◆ Task directions ◆
For the listing below, return the line containing "Rolex Oyster Perpetual", the line containing "Stylish Black Patterned Suit-1292", and all lines in between, exactly as written and nothing else.
========================================================================
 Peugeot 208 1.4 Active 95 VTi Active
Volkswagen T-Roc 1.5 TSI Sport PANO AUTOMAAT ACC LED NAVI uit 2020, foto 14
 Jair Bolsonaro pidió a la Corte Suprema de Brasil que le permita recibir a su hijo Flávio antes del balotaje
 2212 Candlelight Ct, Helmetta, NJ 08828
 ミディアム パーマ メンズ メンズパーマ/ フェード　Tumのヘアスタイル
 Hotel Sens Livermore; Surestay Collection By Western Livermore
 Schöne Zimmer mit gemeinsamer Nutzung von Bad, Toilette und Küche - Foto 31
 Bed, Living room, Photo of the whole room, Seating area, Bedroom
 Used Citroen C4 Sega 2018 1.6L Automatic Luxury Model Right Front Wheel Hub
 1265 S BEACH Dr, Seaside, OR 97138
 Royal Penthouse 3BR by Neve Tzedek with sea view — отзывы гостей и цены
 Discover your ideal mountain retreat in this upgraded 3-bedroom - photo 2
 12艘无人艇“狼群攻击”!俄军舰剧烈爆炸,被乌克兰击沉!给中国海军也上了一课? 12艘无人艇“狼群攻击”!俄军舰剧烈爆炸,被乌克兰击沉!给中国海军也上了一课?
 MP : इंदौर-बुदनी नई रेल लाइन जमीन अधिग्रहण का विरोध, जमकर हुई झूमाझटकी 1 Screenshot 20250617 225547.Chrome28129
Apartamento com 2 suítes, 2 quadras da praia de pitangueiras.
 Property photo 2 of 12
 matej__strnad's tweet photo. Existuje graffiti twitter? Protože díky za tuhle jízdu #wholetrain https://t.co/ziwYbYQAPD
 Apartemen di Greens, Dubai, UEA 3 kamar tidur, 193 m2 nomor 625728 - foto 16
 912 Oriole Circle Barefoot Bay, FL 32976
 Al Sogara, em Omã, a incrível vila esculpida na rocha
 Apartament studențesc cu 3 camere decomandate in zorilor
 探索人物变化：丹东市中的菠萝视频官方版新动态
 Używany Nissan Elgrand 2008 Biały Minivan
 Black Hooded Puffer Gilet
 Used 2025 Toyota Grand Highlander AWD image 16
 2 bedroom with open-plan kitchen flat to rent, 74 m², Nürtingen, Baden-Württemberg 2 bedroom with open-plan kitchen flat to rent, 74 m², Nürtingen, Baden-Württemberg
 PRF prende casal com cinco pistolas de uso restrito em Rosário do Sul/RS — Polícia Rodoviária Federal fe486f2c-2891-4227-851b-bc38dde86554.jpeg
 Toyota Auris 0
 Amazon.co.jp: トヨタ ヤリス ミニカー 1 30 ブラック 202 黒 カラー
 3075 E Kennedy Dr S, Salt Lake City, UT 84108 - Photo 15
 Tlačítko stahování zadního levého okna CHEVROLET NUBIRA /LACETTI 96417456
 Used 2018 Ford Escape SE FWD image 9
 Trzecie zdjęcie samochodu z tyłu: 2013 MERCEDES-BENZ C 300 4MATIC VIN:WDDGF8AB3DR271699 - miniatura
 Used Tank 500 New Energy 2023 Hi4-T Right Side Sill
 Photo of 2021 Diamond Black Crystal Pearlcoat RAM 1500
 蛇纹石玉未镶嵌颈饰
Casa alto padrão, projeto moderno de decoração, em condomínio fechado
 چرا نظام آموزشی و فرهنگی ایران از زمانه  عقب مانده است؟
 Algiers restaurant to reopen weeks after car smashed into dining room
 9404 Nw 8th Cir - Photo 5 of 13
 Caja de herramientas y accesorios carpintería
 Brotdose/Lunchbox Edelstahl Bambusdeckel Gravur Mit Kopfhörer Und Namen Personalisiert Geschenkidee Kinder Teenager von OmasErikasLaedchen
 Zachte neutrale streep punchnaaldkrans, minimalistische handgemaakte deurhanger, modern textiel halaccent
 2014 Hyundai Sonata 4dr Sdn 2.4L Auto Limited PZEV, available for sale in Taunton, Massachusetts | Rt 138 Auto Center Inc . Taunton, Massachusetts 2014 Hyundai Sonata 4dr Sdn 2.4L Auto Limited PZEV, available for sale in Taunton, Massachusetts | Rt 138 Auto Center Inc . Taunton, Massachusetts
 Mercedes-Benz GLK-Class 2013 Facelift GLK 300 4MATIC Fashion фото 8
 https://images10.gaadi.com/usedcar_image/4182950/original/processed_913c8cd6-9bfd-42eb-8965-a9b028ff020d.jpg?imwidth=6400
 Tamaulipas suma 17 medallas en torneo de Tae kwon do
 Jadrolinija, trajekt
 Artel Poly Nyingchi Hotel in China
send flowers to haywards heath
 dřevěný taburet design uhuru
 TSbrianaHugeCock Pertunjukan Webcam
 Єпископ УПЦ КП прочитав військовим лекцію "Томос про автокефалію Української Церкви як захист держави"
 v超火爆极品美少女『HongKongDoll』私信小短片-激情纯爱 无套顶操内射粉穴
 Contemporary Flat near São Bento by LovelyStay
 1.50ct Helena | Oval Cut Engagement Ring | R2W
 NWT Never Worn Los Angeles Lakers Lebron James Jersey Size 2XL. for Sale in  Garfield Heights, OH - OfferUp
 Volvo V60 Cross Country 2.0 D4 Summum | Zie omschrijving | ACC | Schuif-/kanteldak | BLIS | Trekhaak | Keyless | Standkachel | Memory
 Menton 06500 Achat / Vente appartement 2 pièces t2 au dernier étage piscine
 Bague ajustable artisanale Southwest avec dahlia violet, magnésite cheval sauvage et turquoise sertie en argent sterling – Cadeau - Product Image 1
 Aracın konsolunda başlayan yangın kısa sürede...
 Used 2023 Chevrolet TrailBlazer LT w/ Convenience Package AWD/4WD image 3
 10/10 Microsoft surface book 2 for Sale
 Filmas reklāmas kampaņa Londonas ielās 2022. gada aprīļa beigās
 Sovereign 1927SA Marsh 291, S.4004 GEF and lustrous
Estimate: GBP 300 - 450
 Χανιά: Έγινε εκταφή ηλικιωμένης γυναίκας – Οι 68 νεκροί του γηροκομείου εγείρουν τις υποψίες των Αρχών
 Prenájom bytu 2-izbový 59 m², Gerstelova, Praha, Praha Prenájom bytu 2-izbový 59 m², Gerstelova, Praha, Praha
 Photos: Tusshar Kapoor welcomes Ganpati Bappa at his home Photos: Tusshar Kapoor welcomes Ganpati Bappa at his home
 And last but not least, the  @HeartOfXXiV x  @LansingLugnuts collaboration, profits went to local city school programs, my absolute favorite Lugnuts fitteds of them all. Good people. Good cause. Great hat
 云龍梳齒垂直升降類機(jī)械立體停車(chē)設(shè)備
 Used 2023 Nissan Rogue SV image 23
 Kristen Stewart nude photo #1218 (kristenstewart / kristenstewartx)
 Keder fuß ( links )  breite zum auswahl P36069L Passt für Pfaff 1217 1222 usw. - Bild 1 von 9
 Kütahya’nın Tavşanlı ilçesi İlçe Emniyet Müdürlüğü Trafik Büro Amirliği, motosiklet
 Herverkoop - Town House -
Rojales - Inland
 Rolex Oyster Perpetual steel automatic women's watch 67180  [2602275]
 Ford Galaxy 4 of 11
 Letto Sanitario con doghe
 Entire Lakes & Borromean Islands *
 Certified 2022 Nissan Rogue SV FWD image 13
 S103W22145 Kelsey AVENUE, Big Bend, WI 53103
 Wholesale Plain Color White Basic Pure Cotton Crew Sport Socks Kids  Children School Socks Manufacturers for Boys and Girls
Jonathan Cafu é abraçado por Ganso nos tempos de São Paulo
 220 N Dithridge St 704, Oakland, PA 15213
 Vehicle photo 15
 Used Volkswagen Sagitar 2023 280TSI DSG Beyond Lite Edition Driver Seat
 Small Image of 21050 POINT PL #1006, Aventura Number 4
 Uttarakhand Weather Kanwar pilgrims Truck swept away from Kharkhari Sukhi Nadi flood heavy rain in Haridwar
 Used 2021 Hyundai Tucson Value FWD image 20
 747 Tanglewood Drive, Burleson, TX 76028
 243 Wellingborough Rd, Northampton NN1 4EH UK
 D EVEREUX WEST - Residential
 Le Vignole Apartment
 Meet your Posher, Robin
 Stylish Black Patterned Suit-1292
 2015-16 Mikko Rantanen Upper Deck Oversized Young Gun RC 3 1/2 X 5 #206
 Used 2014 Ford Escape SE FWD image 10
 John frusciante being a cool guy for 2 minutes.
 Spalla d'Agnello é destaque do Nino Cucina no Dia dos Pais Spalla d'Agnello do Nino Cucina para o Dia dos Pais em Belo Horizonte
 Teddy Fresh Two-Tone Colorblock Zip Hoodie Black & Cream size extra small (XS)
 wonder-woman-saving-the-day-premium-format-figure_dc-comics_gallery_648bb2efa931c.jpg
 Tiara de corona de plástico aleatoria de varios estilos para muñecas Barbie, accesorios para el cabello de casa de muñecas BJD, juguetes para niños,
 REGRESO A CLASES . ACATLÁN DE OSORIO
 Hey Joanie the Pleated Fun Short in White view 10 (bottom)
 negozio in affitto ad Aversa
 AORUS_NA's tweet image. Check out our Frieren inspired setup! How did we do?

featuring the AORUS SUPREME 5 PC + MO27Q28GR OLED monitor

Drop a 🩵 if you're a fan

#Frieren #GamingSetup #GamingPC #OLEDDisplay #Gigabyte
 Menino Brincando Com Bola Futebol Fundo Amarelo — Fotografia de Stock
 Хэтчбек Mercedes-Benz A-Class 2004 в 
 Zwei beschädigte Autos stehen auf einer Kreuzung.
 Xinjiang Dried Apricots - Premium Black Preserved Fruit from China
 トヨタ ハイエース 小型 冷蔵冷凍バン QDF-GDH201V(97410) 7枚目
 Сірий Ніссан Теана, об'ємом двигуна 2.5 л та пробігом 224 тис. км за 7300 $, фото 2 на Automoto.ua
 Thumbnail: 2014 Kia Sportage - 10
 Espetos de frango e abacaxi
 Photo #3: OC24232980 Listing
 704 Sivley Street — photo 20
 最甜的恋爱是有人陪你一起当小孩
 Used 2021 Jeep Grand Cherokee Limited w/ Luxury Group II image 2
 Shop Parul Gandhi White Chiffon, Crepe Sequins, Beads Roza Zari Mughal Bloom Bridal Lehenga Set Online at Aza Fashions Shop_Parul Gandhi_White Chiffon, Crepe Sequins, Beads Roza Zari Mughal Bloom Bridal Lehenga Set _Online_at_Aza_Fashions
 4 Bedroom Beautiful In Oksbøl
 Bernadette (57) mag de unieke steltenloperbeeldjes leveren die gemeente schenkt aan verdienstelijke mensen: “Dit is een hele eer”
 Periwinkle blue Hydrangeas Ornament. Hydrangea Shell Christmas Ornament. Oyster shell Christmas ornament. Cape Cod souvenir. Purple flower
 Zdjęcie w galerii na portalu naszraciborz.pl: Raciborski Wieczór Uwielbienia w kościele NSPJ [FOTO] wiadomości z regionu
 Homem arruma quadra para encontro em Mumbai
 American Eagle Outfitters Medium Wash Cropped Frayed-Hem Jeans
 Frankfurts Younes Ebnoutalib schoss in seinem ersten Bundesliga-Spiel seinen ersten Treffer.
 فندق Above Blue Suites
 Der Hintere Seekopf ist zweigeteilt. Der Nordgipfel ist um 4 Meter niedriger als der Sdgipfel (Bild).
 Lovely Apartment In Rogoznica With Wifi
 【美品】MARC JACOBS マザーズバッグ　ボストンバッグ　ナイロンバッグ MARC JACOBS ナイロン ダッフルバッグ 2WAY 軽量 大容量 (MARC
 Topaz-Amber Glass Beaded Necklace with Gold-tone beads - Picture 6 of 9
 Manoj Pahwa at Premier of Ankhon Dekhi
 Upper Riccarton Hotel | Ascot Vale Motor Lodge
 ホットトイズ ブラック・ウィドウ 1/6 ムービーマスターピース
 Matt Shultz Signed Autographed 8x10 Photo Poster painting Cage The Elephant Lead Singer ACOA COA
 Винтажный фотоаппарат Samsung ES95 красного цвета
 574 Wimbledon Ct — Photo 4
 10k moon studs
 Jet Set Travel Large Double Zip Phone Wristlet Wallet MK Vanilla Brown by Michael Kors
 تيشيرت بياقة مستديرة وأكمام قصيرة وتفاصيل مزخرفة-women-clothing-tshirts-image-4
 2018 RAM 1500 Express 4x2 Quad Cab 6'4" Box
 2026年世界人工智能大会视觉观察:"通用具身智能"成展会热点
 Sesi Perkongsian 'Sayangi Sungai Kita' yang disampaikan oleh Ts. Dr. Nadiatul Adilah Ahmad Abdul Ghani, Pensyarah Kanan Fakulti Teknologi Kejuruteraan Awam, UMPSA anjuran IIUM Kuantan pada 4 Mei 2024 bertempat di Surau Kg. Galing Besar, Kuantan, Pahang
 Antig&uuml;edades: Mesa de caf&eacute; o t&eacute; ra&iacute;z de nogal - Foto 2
========================================================================
◆ Reply to the exercise ◆
 Rolex Oyster Perpetual steel automatic women's watch 67180  [2602275]
 Ford Galaxy 4 of 11
 Letto Sanitario con doghe
 Entire Lakes & Borromean Islands *
 Certified 2022 Nissan Rogue SV FWD image 13
 S103W22145 Kelsey AVENUE, Big Bend, WI 53103
 Wholesale Plain Color White Basic Pure Cotton Crew Sport Socks Kids  Children School Socks Manufacturers for Boys and Girls
Jonathan Cafu é abraçado por Ganso nos tempos de São Paulo
 220 N Dithridge St 704, Oakland, PA 15213
 Vehicle photo 15
 Used Volkswagen Sagitar 2023 280TSI DSG Beyond Lite Edition Driver Seat
 Small Image of 21050 POINT PL #1006, Aventura Number 4
 Uttarakhand Weather Kanwar pilgrims Truck swept away from Kharkhari Sukhi Nadi flood heavy rain in Haridwar
 Used 2021 Hyundai Tucson Value FWD image 20
 747 Tanglewood Drive, Burleson, TX 76028
 243 Wellingborough Rd, Northampton NN1 4EH UK
 D EVEREUX WEST - Residential
 Le Vignole Apartment
 Meet your Posher, Robin
 Stylish Black Patterned Suit-1292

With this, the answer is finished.